Earlier this week, Candace Owens, a young black conservative, was shouted out of a restaurant by a white crowd screaming obscenities and racial epithets at her and her dining companion, Turning Point USA founder Charlie Kirk (who is white). The police had to be called, and the mob shouted obnoxious slurs at the officers as well. Owens tweeted: “To be clear: ANTIFA, an all-white fascist organization, just grew violent and attacked an all-black and Hispanic police force.
“Because I, a BLACK woman, was eating breakfast.
“Is this the civil rights era all over again?”
It is. And many Democrats are on the wrong side.
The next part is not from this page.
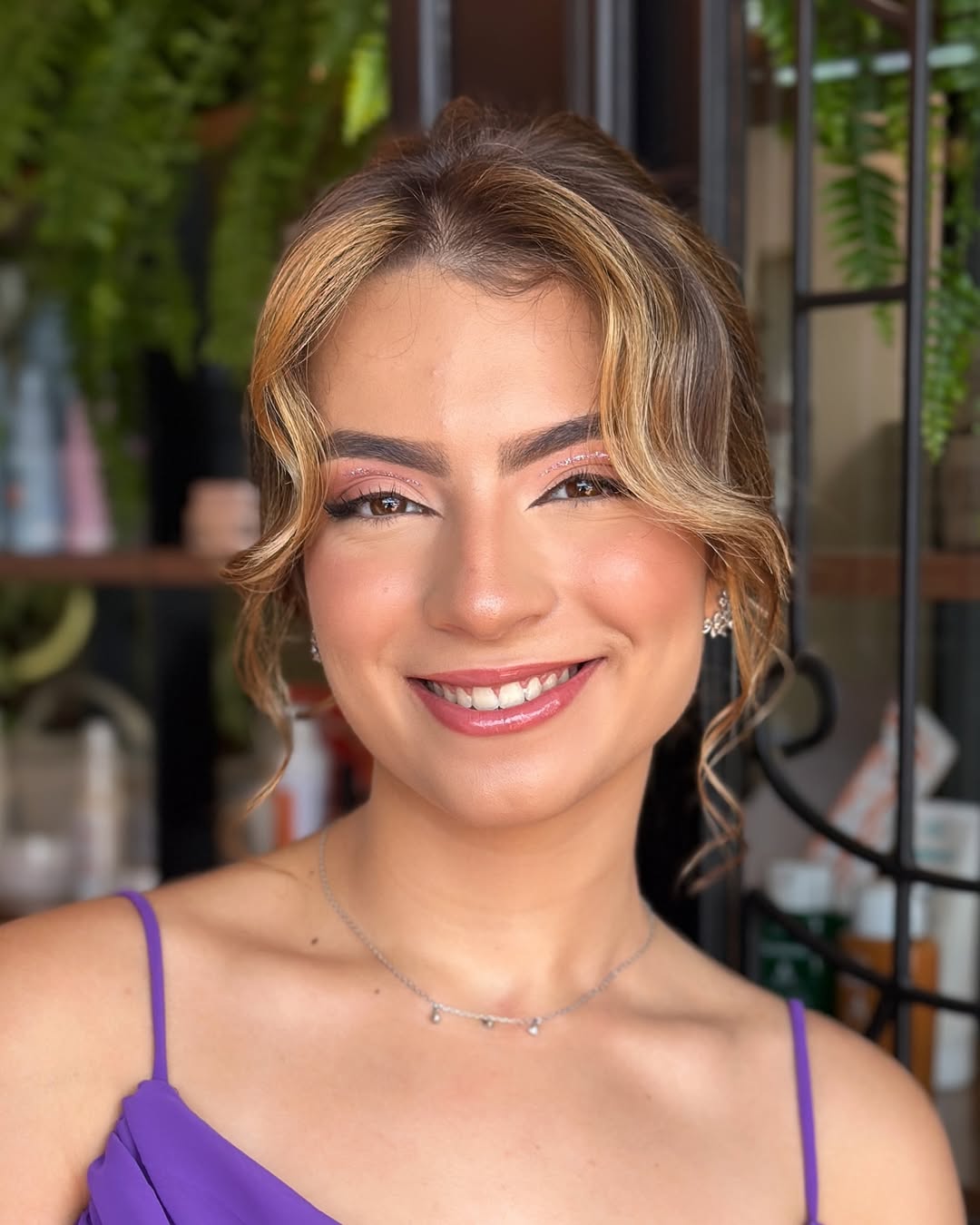 Penteado e Maquiagem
It would be easy to dismiss that statement as hyperbole if this were not the latest in a distressingly long line of examples of the left abandoning principles in pursuit of the bogeymen they themselves have created.
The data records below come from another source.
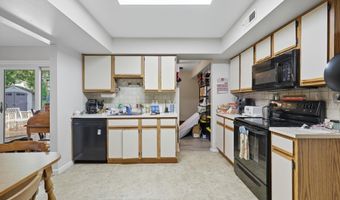 7 Bayberry Ct, Atco, NJ 08004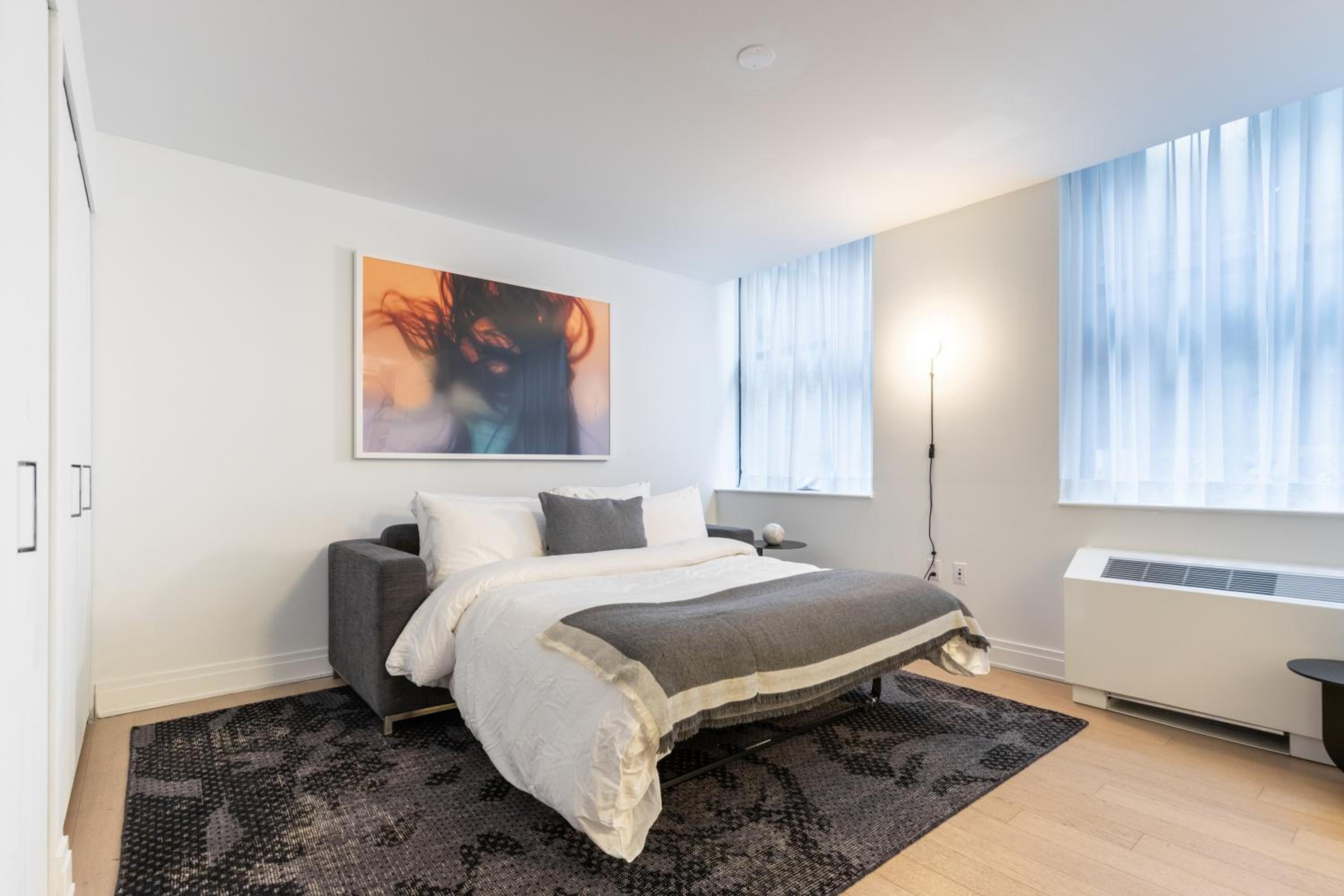 Premium One Bedroom, King (24/7 Front Desk) thumbnail 6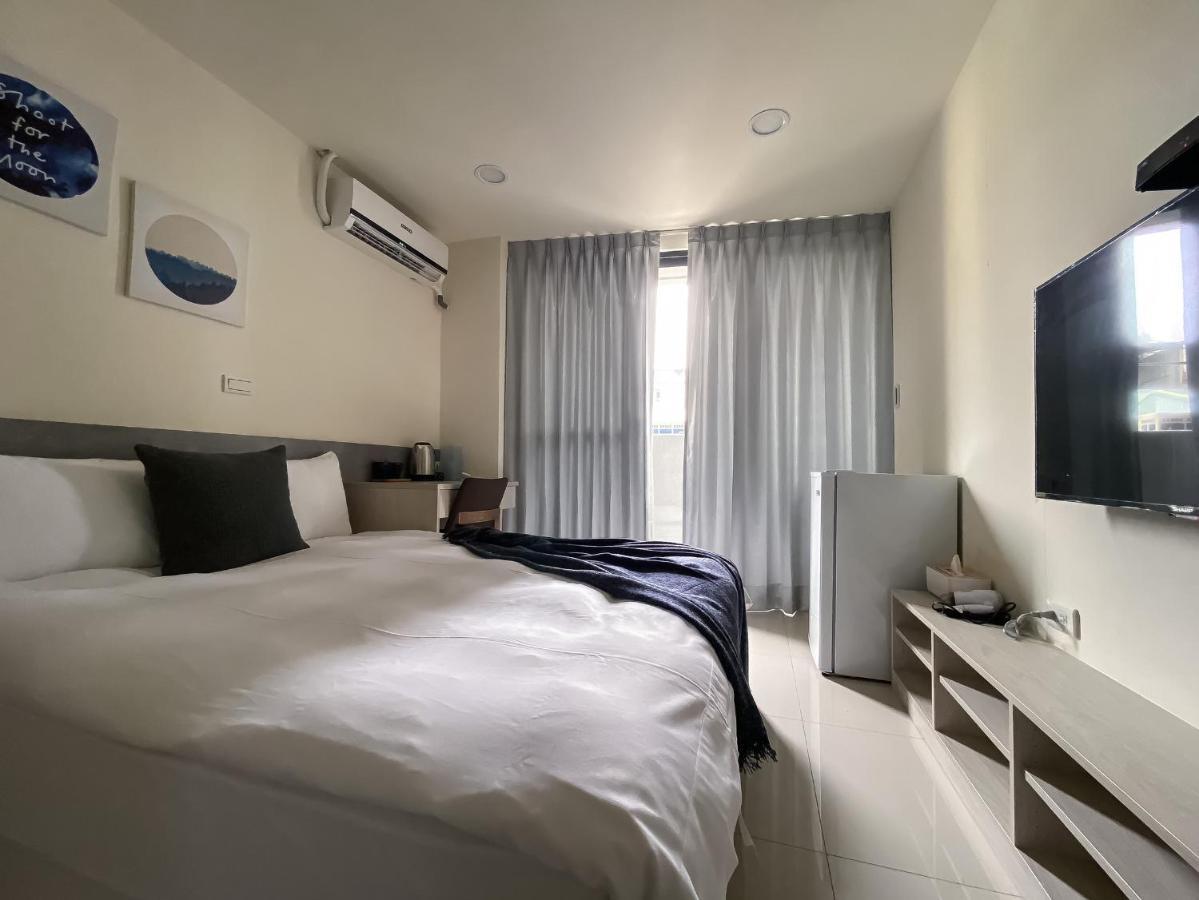 Sleeping Quilt Hotel Taichung Exterior photo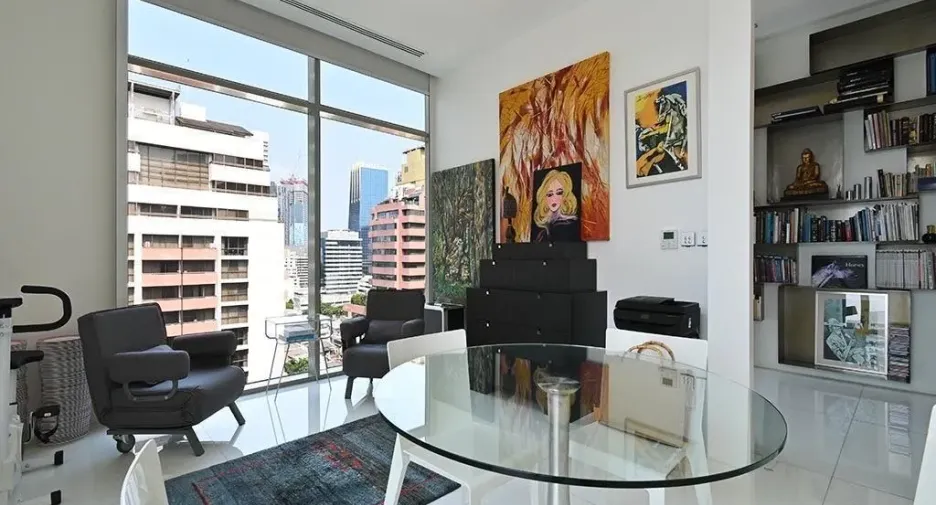 For sale 3 bedrooms condo in Sathon, Bangkok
Also within the past week, The New York Times announced that it had hired tech writer Sarah Jeong to join its editorial board. Jeong has a long history of nasty and racist tweets directed against white people. She claimed that she was merely responding to trolls who had lobbed racial insults at her. But Jeong also tweeted insults against men in general, as well as police, and this went on for more than a year. Video has now emerged of Jeong spewing her ignorance and hatred during a speech at Harvard Law School.
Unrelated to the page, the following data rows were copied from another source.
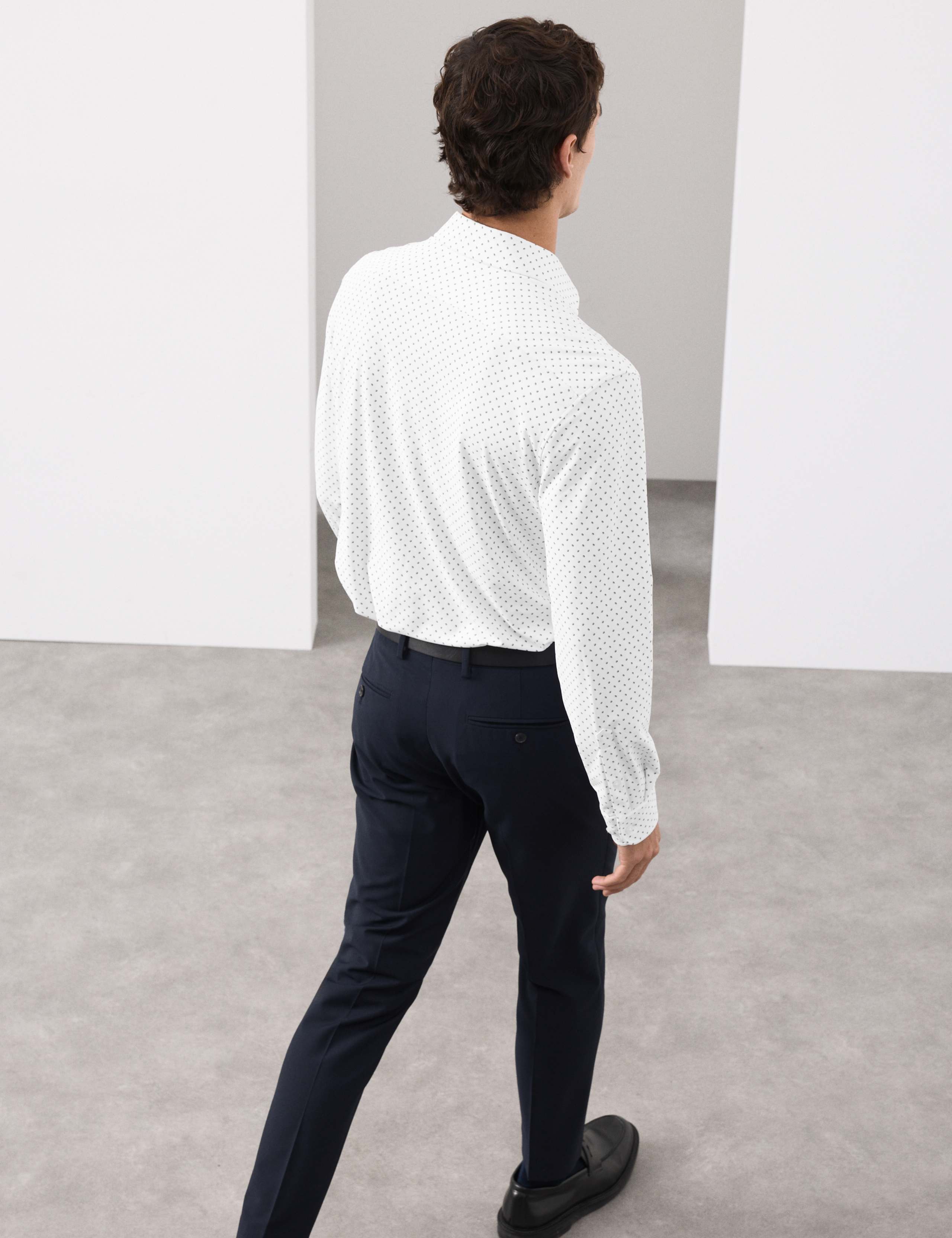 Tailored Fit Stretch Performance Printed Shirt 4 of 6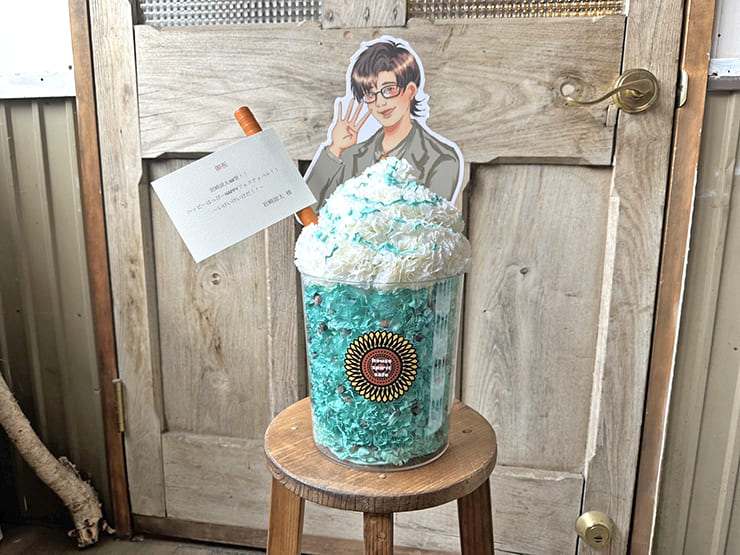 岩崎諒太様のBDイベント開催祝い花 チョコミントフラペチーノモチーフアレンジ @池田市民文化会館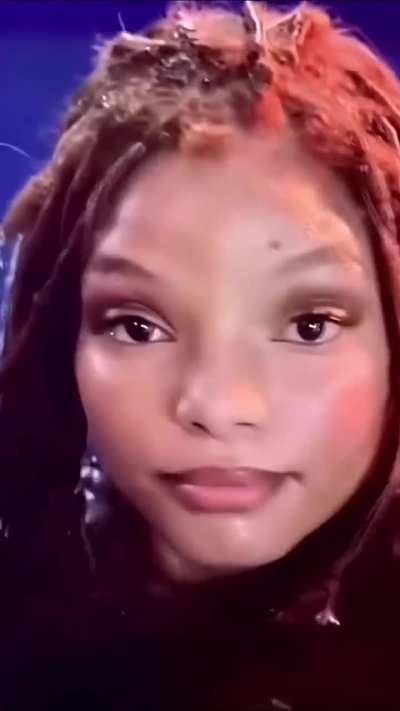 Halle Bailey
The Times stands behind Jeong. Some applaud this as long-overdue courage in the face of torch-and-pitchfork crowds. Perhaps. But Jeong’s conduct isn’t merely bigoted; it is also immature and unprofessional and, in the case of her University of Virginia rape-hoax tweets, completely counterfactual. The Columbia School of Journalism issued a scathing report slamming Rolling Stone’s article about the alleged gang rape at UVA, and Rolling Stone lost one defamation case (and settled a second) as a result of it. This is who The Times hires, at a time when the press complains about diminishing credibility?